BREAKING NEWS

Lebanon PM holds emergency meeting as nation mourns bomb victims

Lebanese Prime Minister Tammam Salam held an emergency meeting with his security cabinet and military chiefs on Friday as the nation mourned 44 people killed in a double suicide bombing claimed by Islamic State.
The blasts late on Thursday hit a residential and commercial area in a southern suburb of Beirut, a stronghold of Shi'ite Muslim group Hezbollah, in the latest spillover of violence from the war in neighboring Syria.
The first attacks in more than a year on a Hezbollah bastion inside Lebanon came at time when the group is stepping up its involvement in Syria's civil war, now in its fifth year.
Iran-backed Hezbollah has sent troops over the border to support Syrian President Bashar Assad against Sunni Muslim insurgent groups including Islamic State.
Lebanon is also suffering from its own political crisis in which disputes between parties, factions and sects have stopped the government taking basic decisions and left the country without a president for 17 months.
The army established a heavy security presence around the scene of the blast, which on Friday was still littered with debris, damaged cars and motorbikes and shattered glass.

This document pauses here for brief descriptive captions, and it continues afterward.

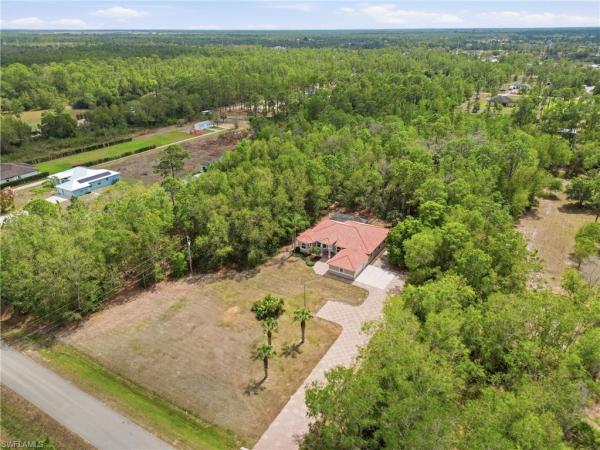 Golden Gate Estates, 2480 NE 52nd Ave, Naples, Florida 34120, image 1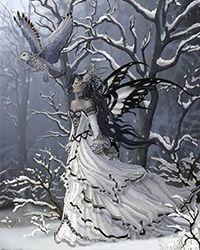 短篇禁忌辣文文雪儿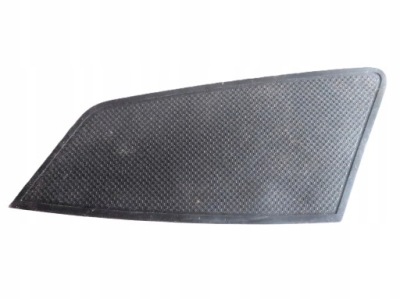 Guna вкладка передня ліва обшивка hyundai i30 ii 5 двері 2012-2017 r фото №1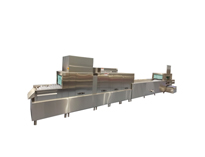 雅安蜜桃视频黄色网設備公司告訴你洗碗機的常見故障及解決辦法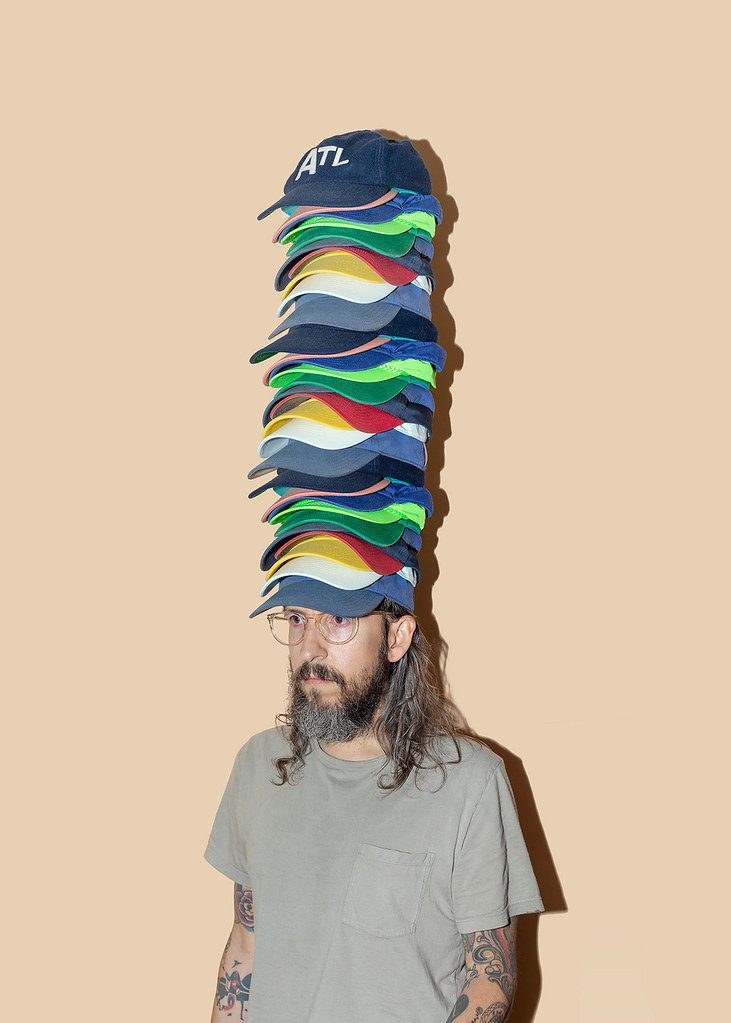 50050961333_7c277ac418_b.jpg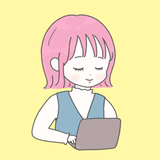 ずっこ｜ゆるフリーランスママ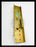 Allis-Chalmers LA-800A Breaker Channel - P/N: 18-731-802-001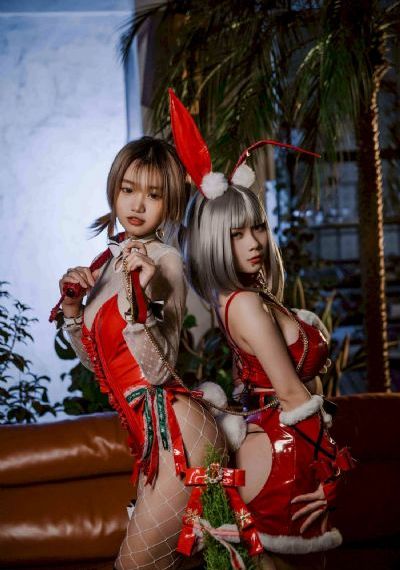 偿还3电影免费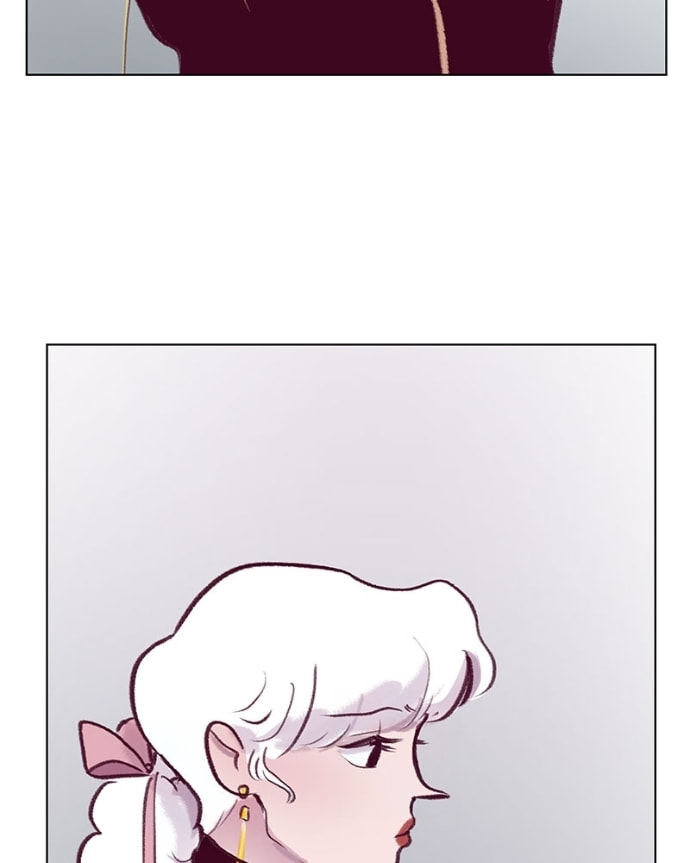 Edith (Anthology) Chapter 12 page 55 - 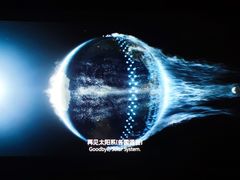 -百丽宫影城(CGS激光苏宁广场店)
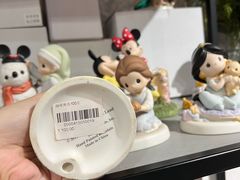 -陶缘陶瓷工厂店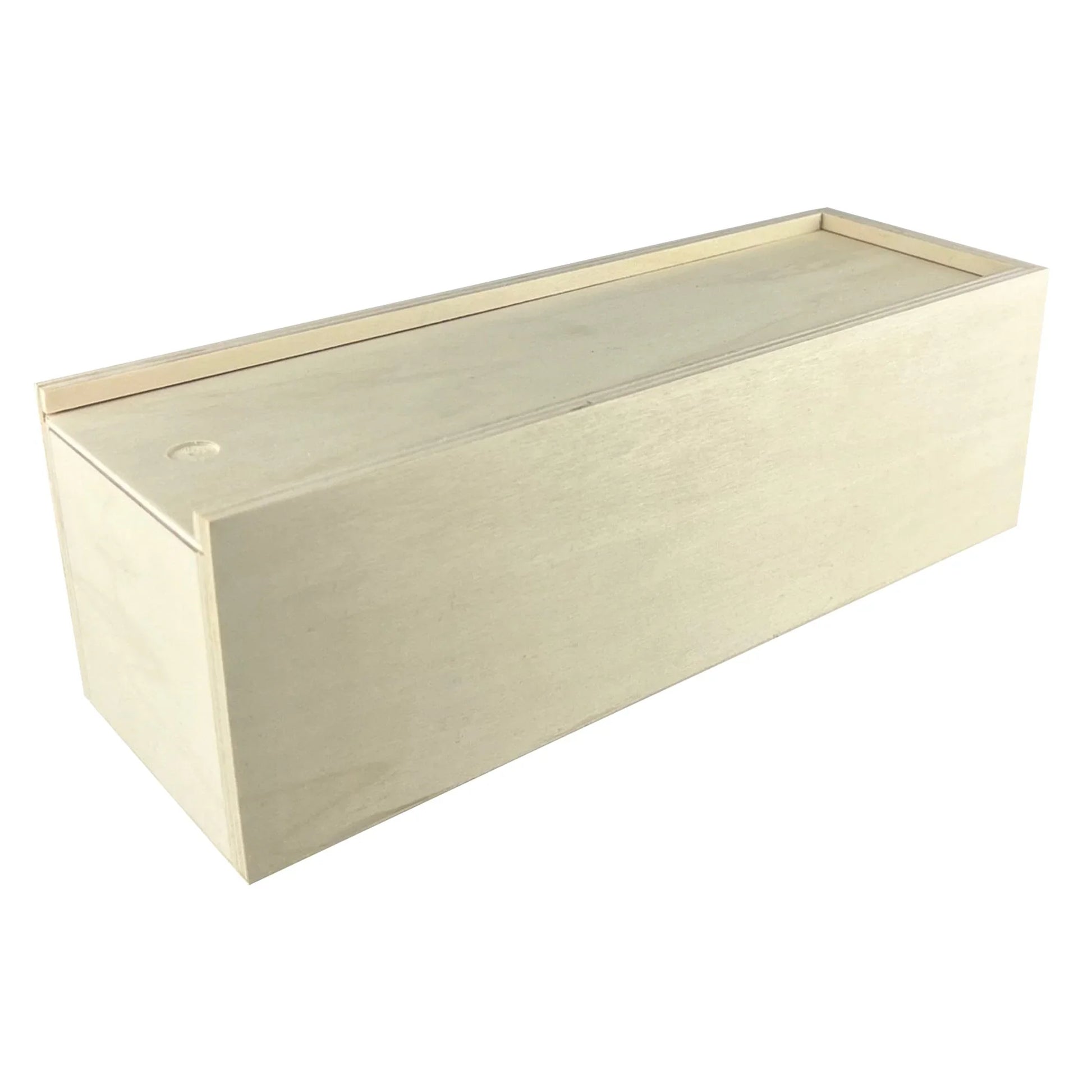 Large Janga Set - PrintaPromo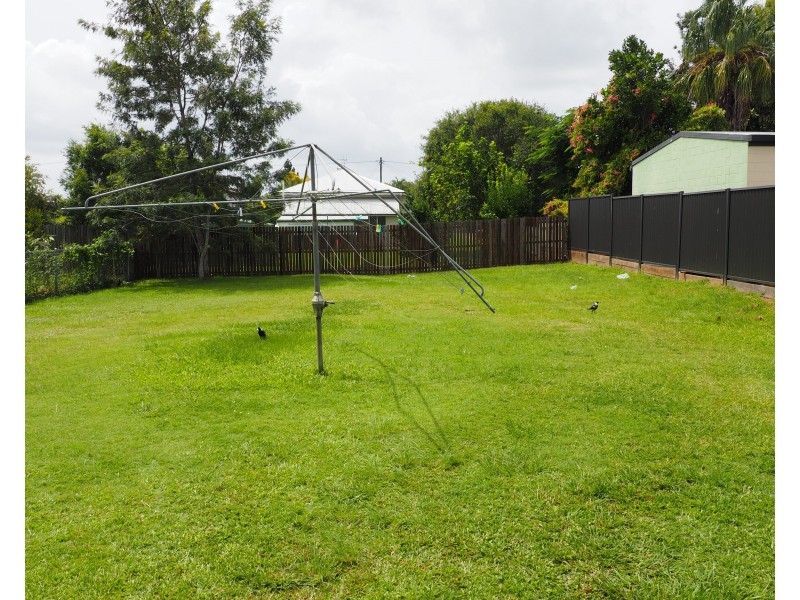 79 Walker Street, Maryborough QLD 4650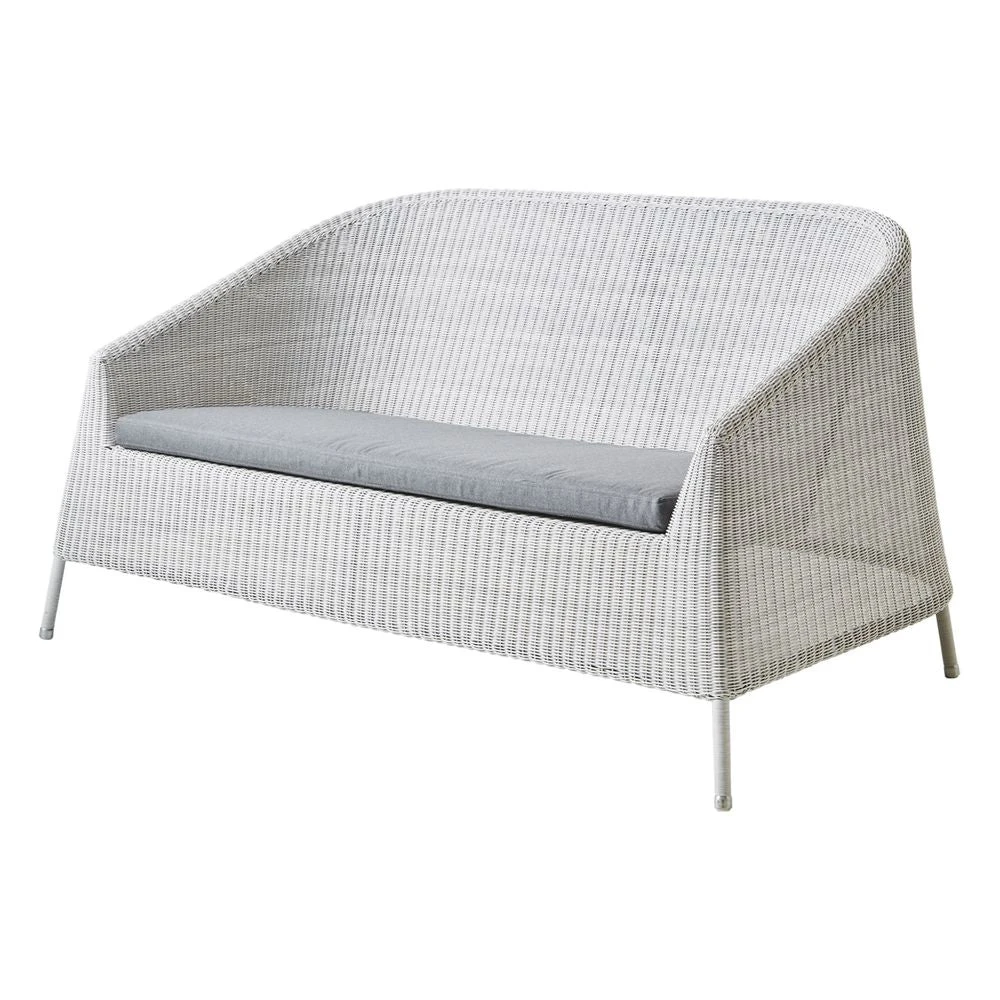 Kingston 2 Seater Sofa 10 Kingston 2 Seater Sofa - Image 10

Medical sources raised the death toll on Friday from 43 to 44, with more than 200 people wounded.
Funerals were held in Beirut for several of the victims later in the day, with coffins draped in the flags of Hezbollah and Amal, another Shi'ite movement.
Defense Minister Samir Moqbel said the armed forces were on high alert across the country, and trying their best to keep a fragile calm.
"To tell you the security forces can control things like that 100 percent of the time, I'd be lying," he said. "We're doing our best in coordination with all the parties on the ground."